Writer, Alex Robinson, calls this land “the tenth circle of hell,” while naturalist and TV presenter, Steve Backshall, calls it the “home of deadly.” The rest of us know the place as Australia. Beautiful, breathtaking Australia.
It’s also home to wildlife that can “off” a person on land, in the sea, and at points in between. There are some 140 species of land snakes and 32 species of sea snakes there, and twelve of them can kill you. In fact, the world’s most venomous snake, the Inland Taipan is in south-western Queensland. One of the world’s most dangerous spiders, the Sydney funnel-web (Atrax robustus) is in Australia. The aggressive and dangerous Saltwater Crocodile is in Australia. The world’s largest carnivorous marsupial known for its maniacal displays of teeth-baring, the Tasmanian Devil, is (say it with us) in Australia.
You get the drift. It’s not a place for sissy dogs.
Nevertheless, early Australians needed help controlling rodents around stations (ranches), gold mines and homesteads. Kelpies, fabulous ranch and herding dogs, weren’t up to that specific task. Need lead to deed, and so it was that settlers began breeding and tweaking smaller dogs out of the short legged, rough coated dogs that had come on the First Fleet ships to arrive in the country from Britain. The dogs they developed were small and didn’t need to eat very much, and they could kill their own food. They were necessarily rough-coated to withstand the bush, and had a large ruff and apron to protect them from snake bites. Small feet could handle any terrain.
Initially, these dogs were called Broken-Coated Terriers, and were said to have “more courage per pound of live weight” than any other dog on earth. Given the lethal vermin they were expected to control, who could argue with that description? These dogs had to have the grit of their pioneer owners.

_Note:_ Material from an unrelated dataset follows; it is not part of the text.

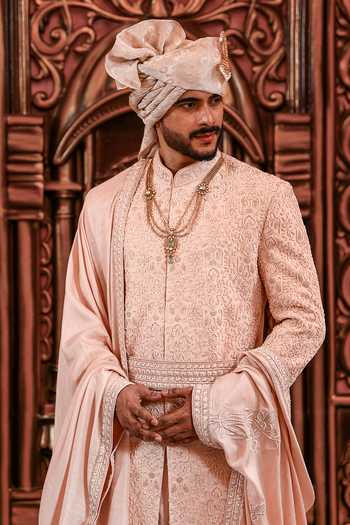 Yajy By Aditya Jain_Rose Gold Silk Shahi Boishakh Embroidered Sherwani Set _at_Aza_Fashions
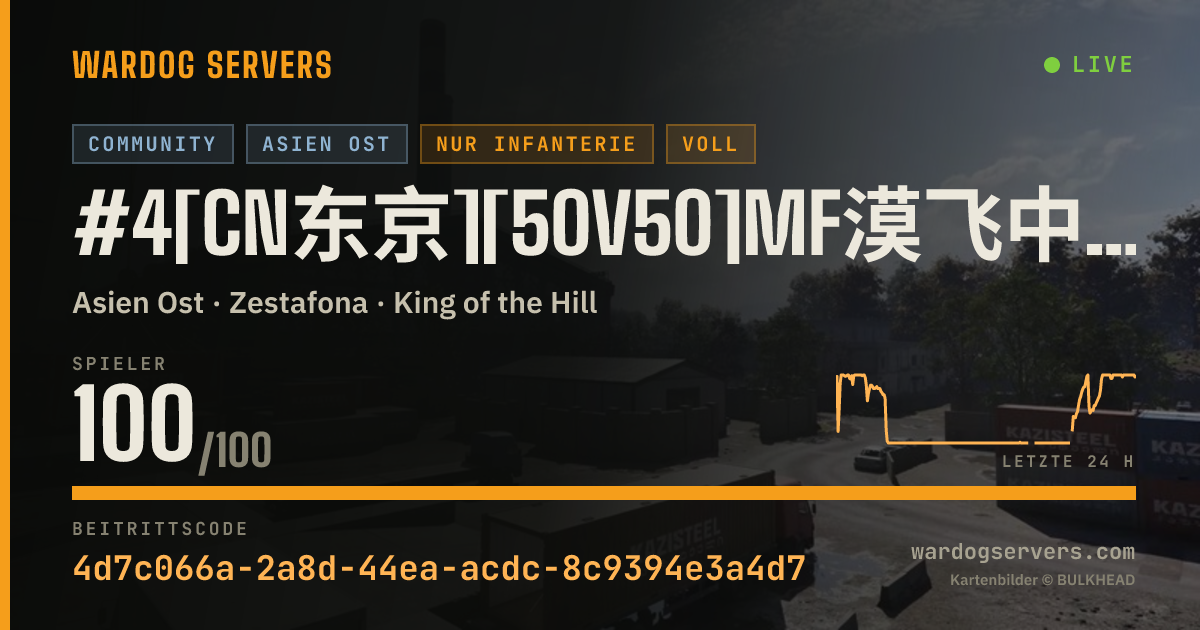 Live-Statusbanner für #4[CN东京][50V50]MF漠飞中文社区|QQ群478839731|步战模式|禁压家/固定武器/禁狙/发射器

The first Australian dog show that took place in Hobart, Tasmania was held by the newly minted Society for the Improvement in the Breed of Dogs (later to change its name to ‘Canine Society’), and in the 1880s, classes were held for “broken-coated terriers of over seven pounds in weight or under seven pounds, further subdivided into blue, sandy, or any color other than blue or sandy,” (another source, however, indicates that the dogs were first exhibited as the “broken-coated terrier of blackish blue sheen”). At a show held in Melbourne in 1864, 25 Rough coated Terriers (15 dogs and 10 bitches) over seven pounds were entered as well as another seven under seven pounds. The breed was renamed the Australian Terrier in 1892, forty two years after it was officially recognized, but it wasn’t until 1909 that the Australian Terrier Club received confirmation from the Victorian Poultry and Dog Society (the AKC of its time) that the name ‘Australian Terrier’ would be allowed.

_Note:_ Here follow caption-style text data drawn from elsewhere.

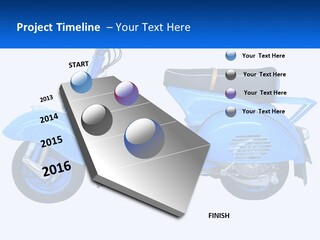 A Blue Motor Scooter With A Black Seat PowerPoint Template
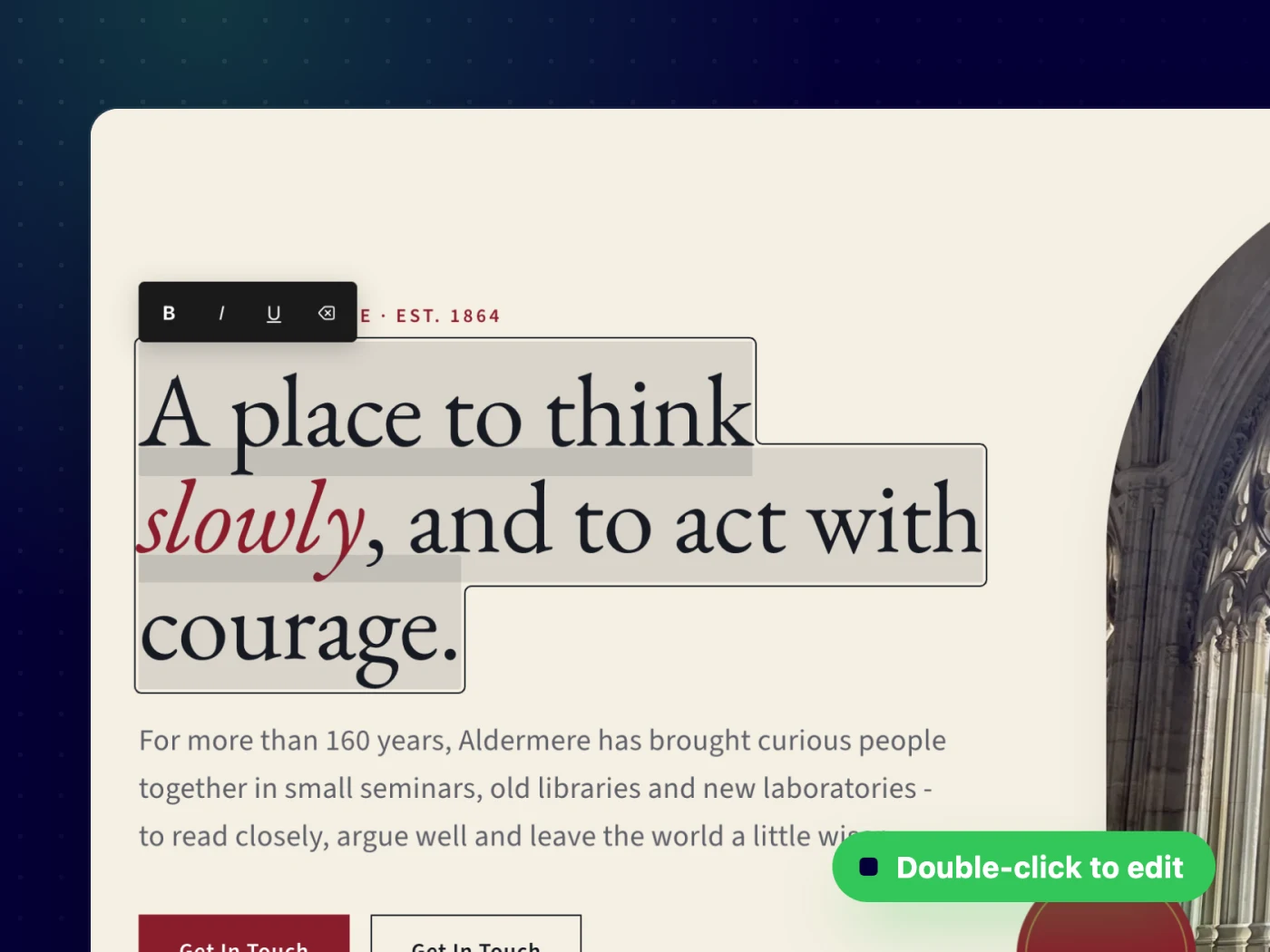 Double-click any text and type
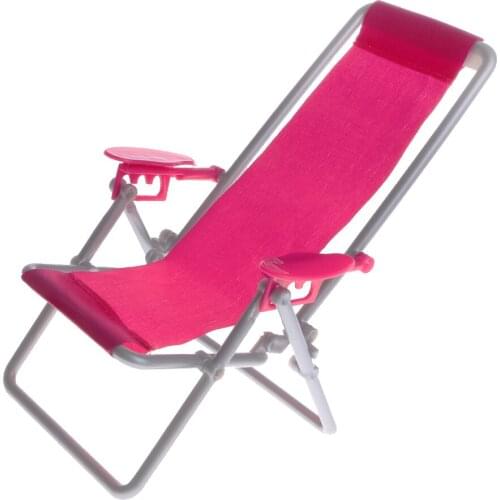 Plastic Rosy 1/6 Beach Deck Chair for Dollhouse Miniature Accessory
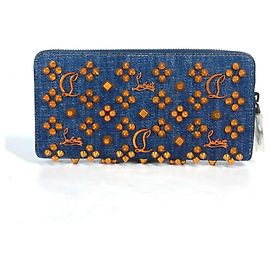 Cartera Larga Christian Louboutin en Denim Azul Naranja
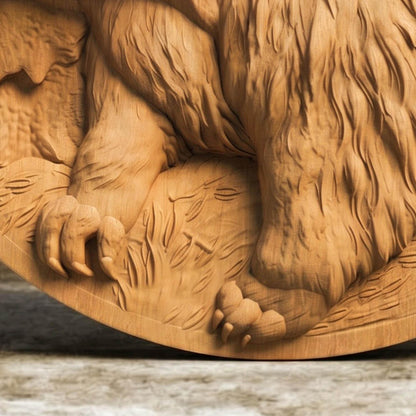 Bear in Plate Framed Bas Relief | Wooden Bear Carving | Sculptural Gift Idea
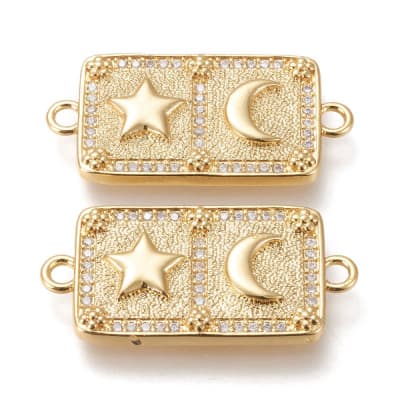 Dije conector luna estrella 31.5 mm baño oro / unidad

Show dog or not, the Aussie has retained its prowess with vermin. Present day owners report a “leap-twist-and-pounce-from-behind” tactic in exterminating snakes, deadly or otherwise. In Australia, there are reports of numbers as high as 60,000 snake bites to dogs every year, the Tiger and Brown snakes responsible for most of them. A good research project would be to determine the breeds of the bitten dogs, and how many, if any, are Australian Terriers.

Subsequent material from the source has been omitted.